== Exercise data ==
↓
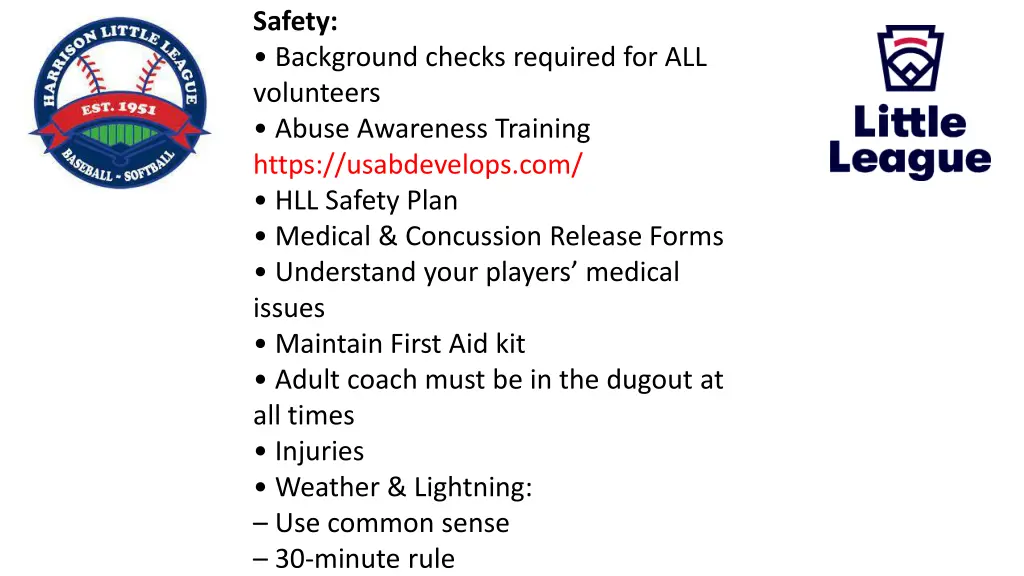 safety background checks required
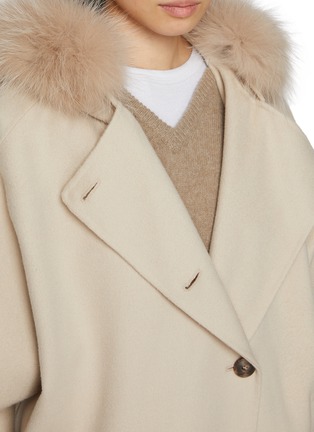  - YVES SALOMON - Fox Fur Trim Wool Cashmere Coat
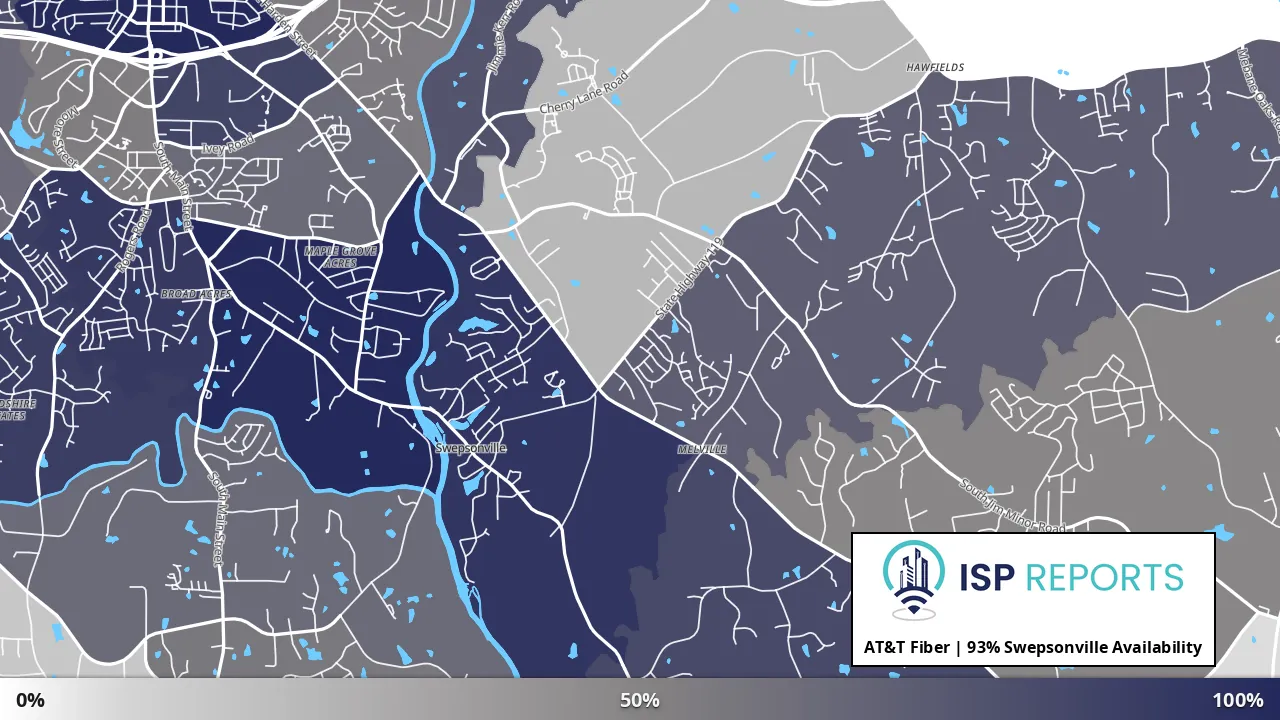 Swepsonville, NC map of internet availability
↑
== Task objective ==
Everything from the line with "- YVES SALOMON" through the last line of the listing above is to be copied exactly, both ends included, except the pictures.

== Exercise answer ==
  - YVES SALOMON - Fox Fur Trim Wool Cashmere Coat
 Swepsonville, NC map of internet availability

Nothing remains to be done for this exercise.